-- Provided material --
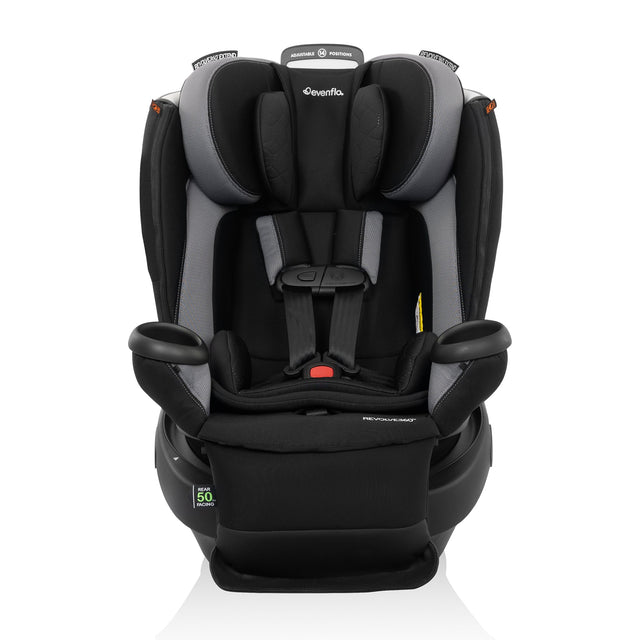 Evenflo Revolve 360 Extend all in one rotational car seat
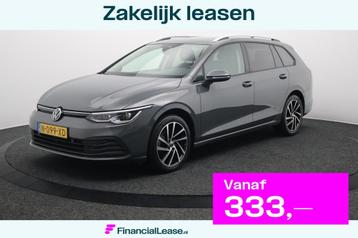 Volkswagen Golf Variant 1.0 eTSI Automaat Life Business | Na beschikbaar voor biedingen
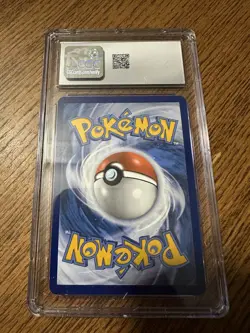 Glaceon EX Pokemon Card CGC 10 Gem Mint Holo Rare Prismatic Evolutions 26/131 - Image 2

-- Problem to work on --
The material should be returned verbatim, with all images omitted.

-- The completed task --
 Evenflo Revolve 360 Extend all in one rotational car seat
 Volkswagen Golf Variant 1.0 eTSI Automaat Life Business | Na beschikbaar voor biedingen
 Glaceon EX Pokemon Card CGC 10 Gem Mint Holo Rare Prismatic Evolutions 26/131 - Image 2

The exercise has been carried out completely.